La Ucrania actual es hija directa de un mito nacionalista alentado desde el exterior. Los nacionalistas ucranianos afirman que nunca fueron parte de Rusia, que Rusia los oprimió llegando hasta el genocidio con Stalin y que los buenos ucranianos sólo pueden ser independentistas. La realidad histórica es que el primer estado ruso tuvo como capital a Kíev, la actual capital ucraniana; que los ucranianos siempre se sintieron rusos y basta citar a los cosacos, a Gógol o a Bulgákov para entenderlo; que el nacionalismo ucraniano fue creado por Alemania para debilitar al imperio ruso; que fue la URSS de Stalin la que causó el hambre en Ucrania, pero, sobre todo, en Rusia; que los nacionalistas ucranianos fueron aliados feroces de Hitler hasta el punto de que las SS consideraban que su antisemitismo era superior al propio y que Ucrania fue favorecida con concesiones territoriales cuando un ucraniano llamado Jrushov fue el señor del Kremlin. En otras palabras, Ucrania ha sido siempre rusa aunque, desde inicios del siglo XX, alguna potencia extranjera alentara su independentismo para así poder someter a Rusia. ¿Les suena familiar? Cuando la URSS se colapsó, Yeltsin permitió que se desgajaran de la federación rusa naciones invadidas cuya independencia estaba justificada - Estonia, Lituania y Letonia – y otras que siempre fueron rusas como Bielorrusia o Ucrania. No sólo eso. Para evitarse complicaciones, Yeltsin incluso toleró que se llevaran pedazos de tierra rusa como la península de Crimea que nunca fue ucraniana. Es comprensible que sólo deseara quitarse de encima problemas, pero el semillero de conflictos que esa actitud abandonista provocó fue inconmensurable.
Por si fuera poco, a la debilidad del Kremlim, se sumó el interés de un Occidente encantado de ver – igual que el káiser y luego Hitler - cómo desaparecía la protección territorial de Rusia. Para los partidarios de lo que entonces se denominó el Nuevo Orden Mundial - ¿qué se fizo de ellos? - una Rusia vulnerable era más que deseable. Por supuesto, los nacionalistas no podían creer en su dicha. Su antigua patria los dejaba hacer a su antojo y la primera potencia del globo les ponía alfombra roja. De la noche a la mañana, toda la herencia rusa fue arrojada a la hoguera y se construyó un pasado ucraniano más falso que un euro de madera, basado en un victimismo que decía, bastante falsamente, que la culpa de todo la tenía Rusia.

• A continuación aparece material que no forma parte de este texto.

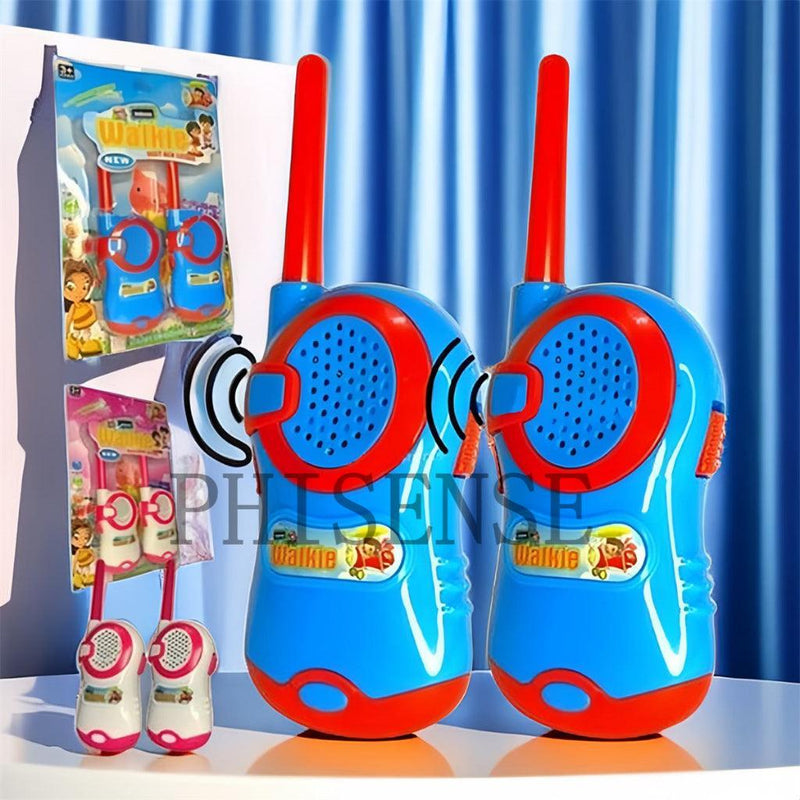 KIT Walkie Takie Radio Comunicador Infantil De Brinquedo 100m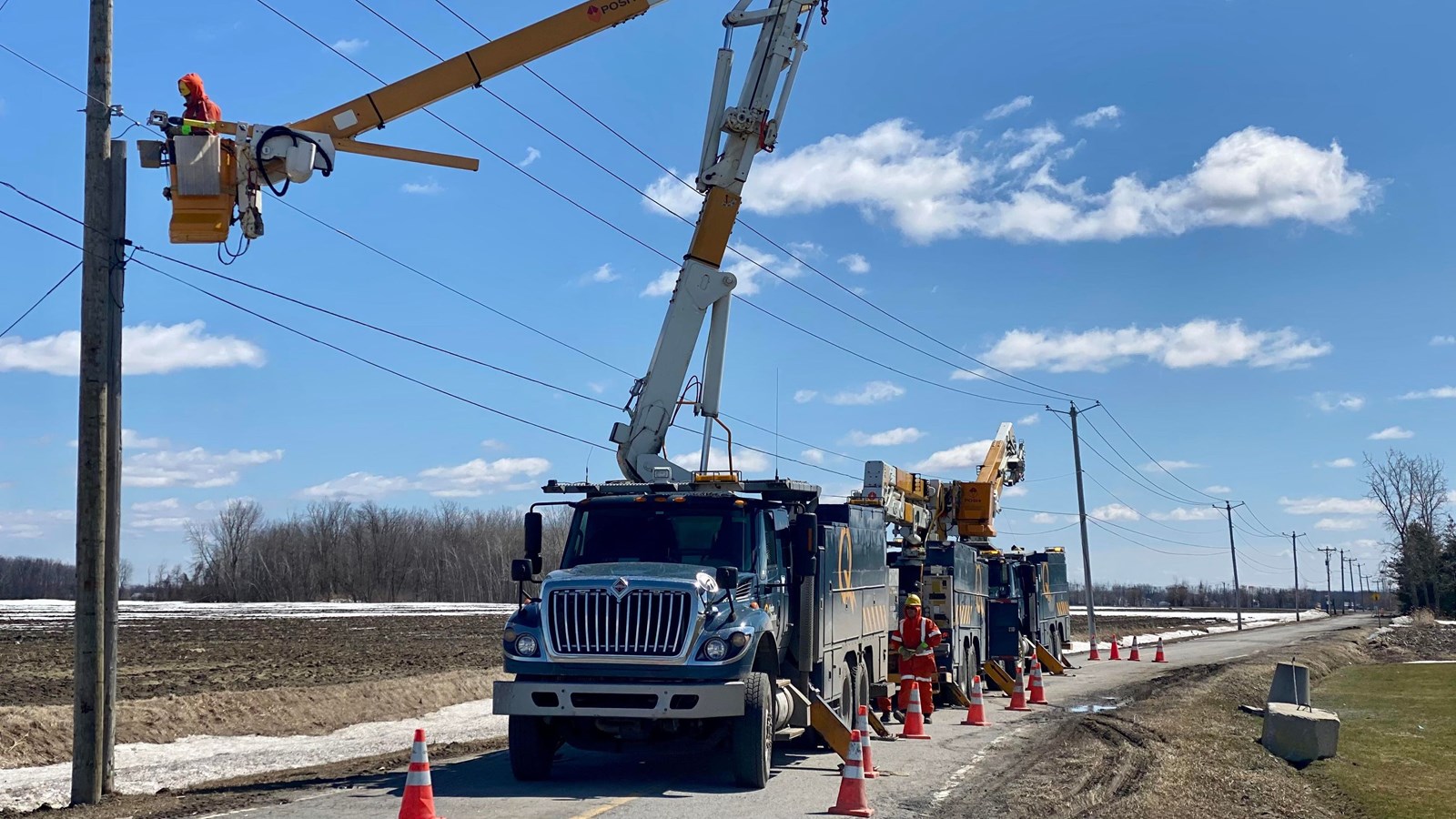 Entrave en cours sur l'autoroute 20 à Rivière-Beaudette
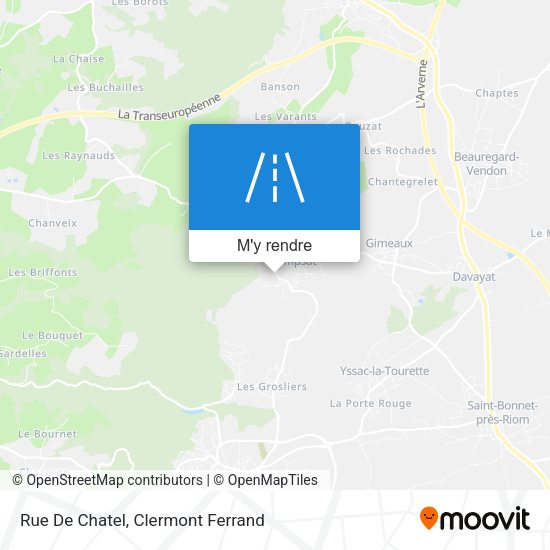 Rue De Chatel plan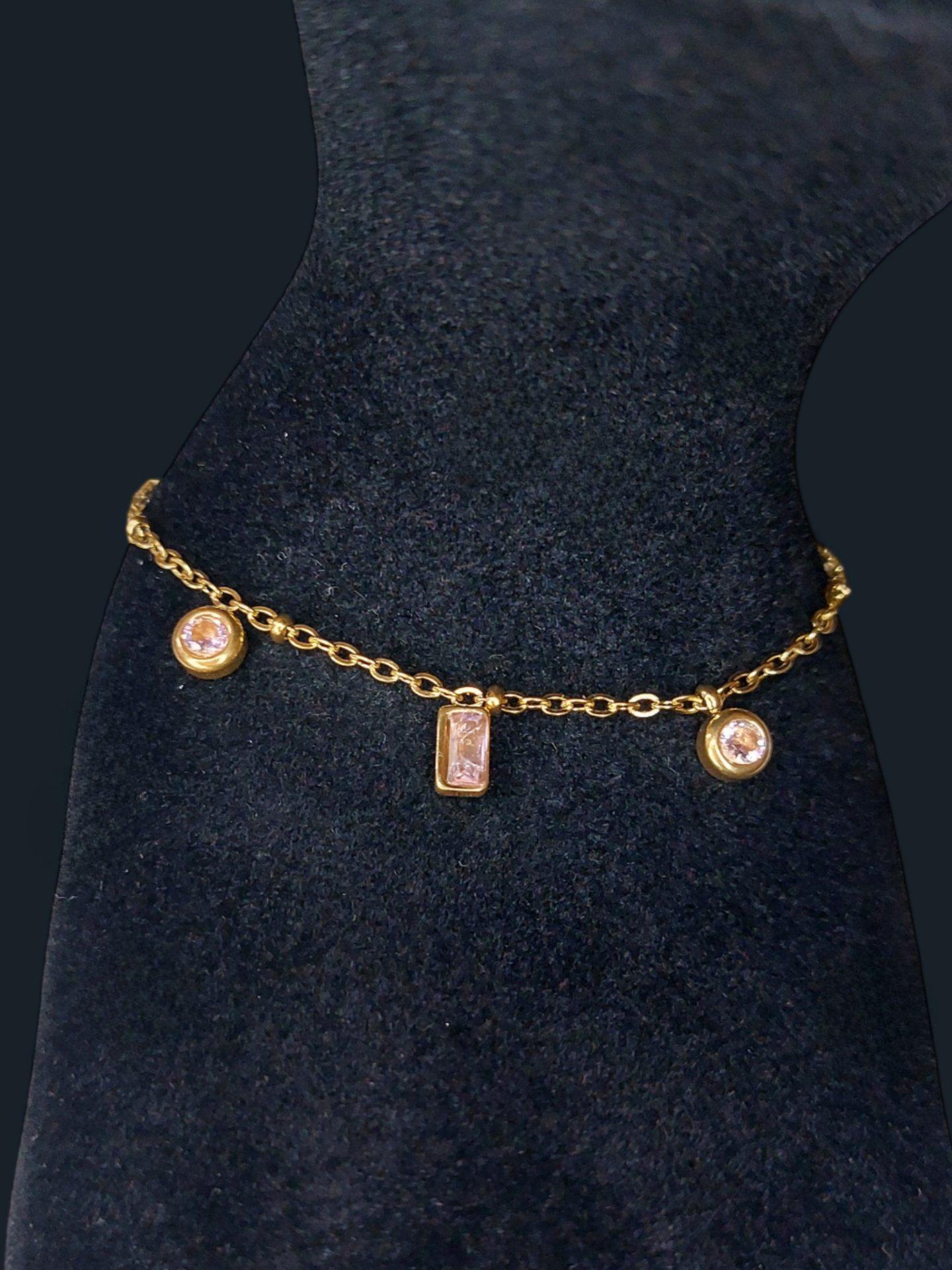 Bracelet Rose Pétillante 18K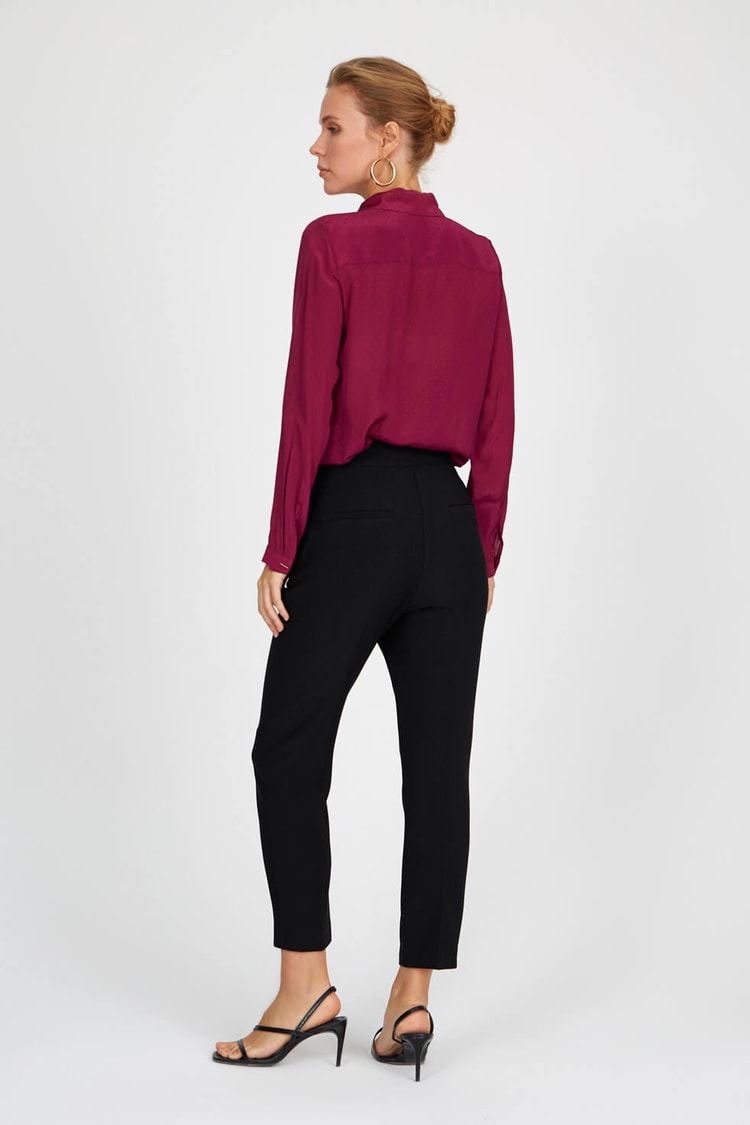 Siyah Normal Bel Dar Paça PantolonST050W2026104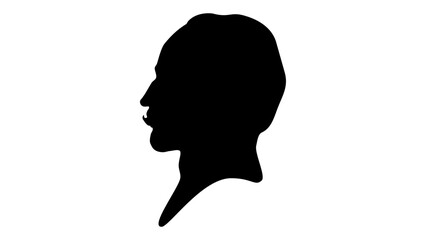 Edward Elgar silhouette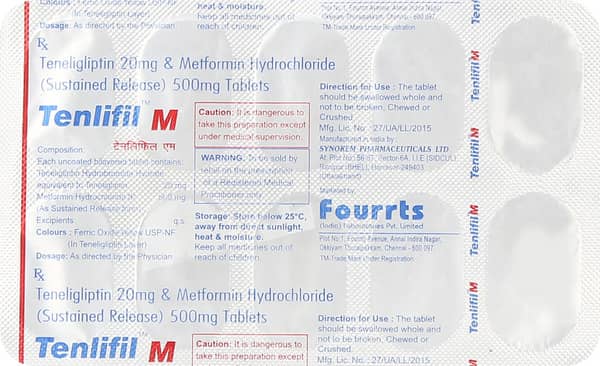 Tenlifil M Strip Of 10 Tablets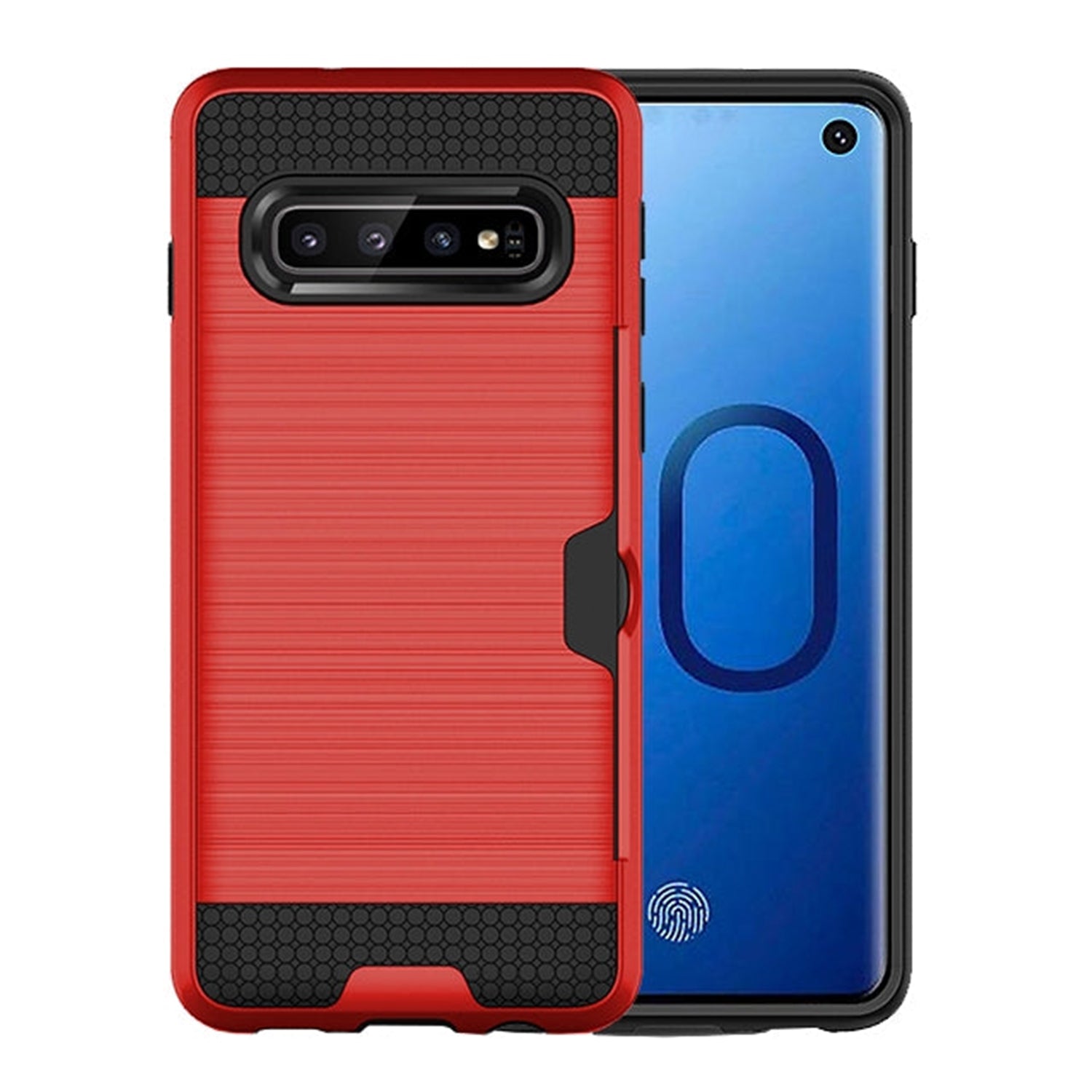 Slidable Card Holder Case for Galaxy S10 (6.1")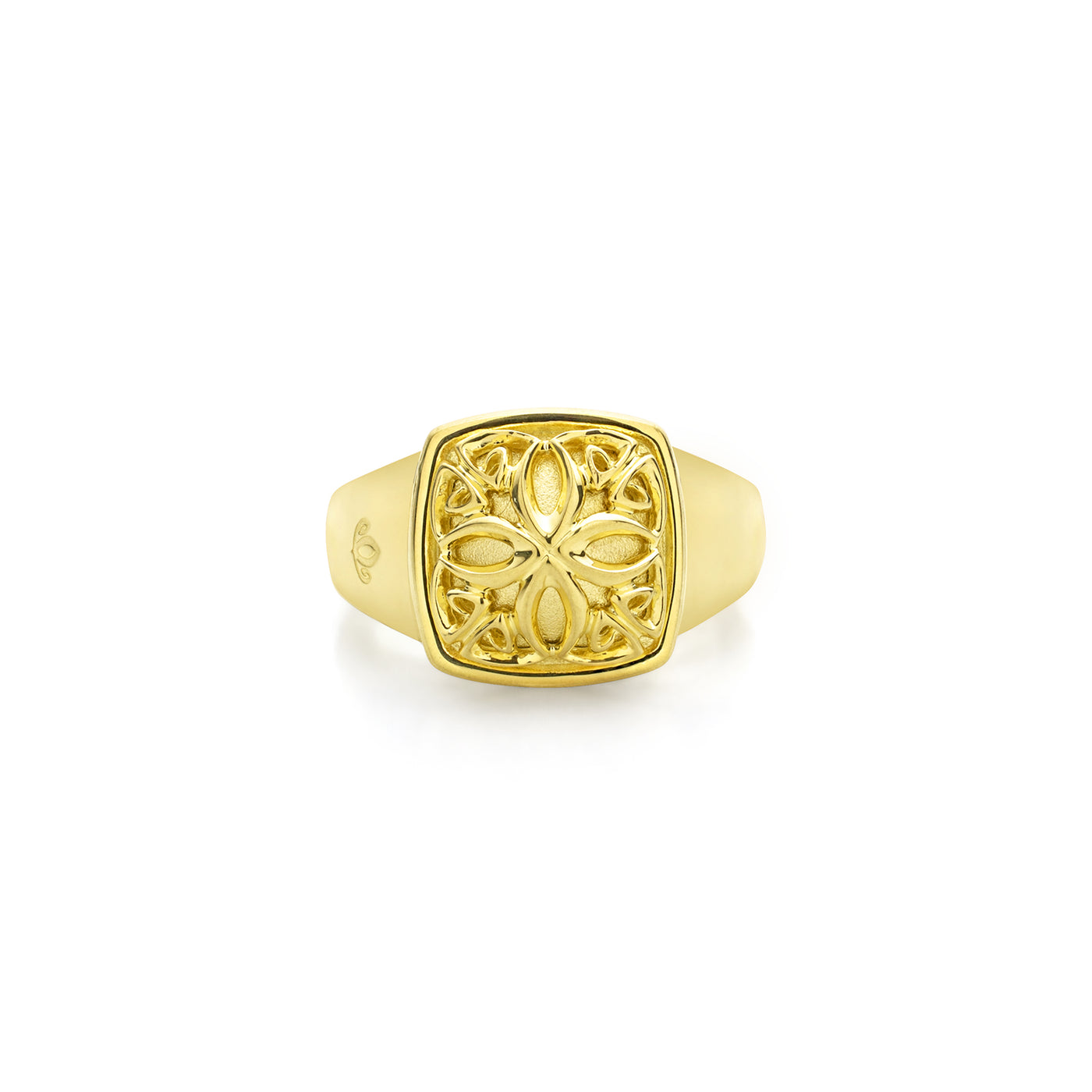 gold statement ring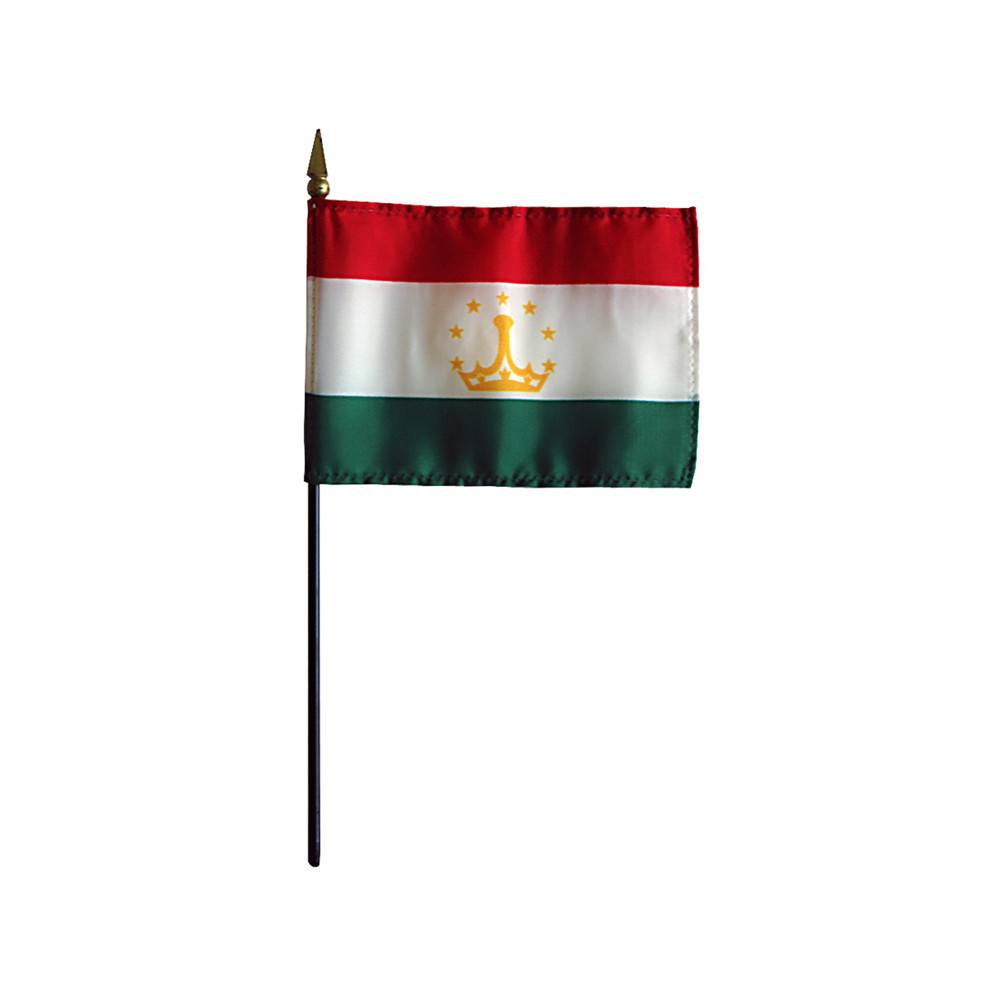 4x6 in. Tajikistan Stick Flag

De esa suma de debilidad rusa, ambición occidental y falta de escrúpulos nacionalista surgió Ucrania, una nación nueva que nunca había existido. La nación real brillaba por su ausencia porque, con los matices y excepciones que se quiera, mientras que el oeste de Ucrania se identificaba con el nacionalismo, imponía el ucraniano como lengua oficial, se definía como católico e intentaba ahondar el abismo frente a Rusia incluso reivindicando a los ucranianos que habían combatido al lado del III Reich; el este se sentía ruso, hablaba ruso, pertenecía a la iglesia ortodoxa rusa, seguía odiando a los invasores nazis y no se fiaba un pelo de los nacionalistas que mentían la Historia para levantar su feudo. Así comenzó todo.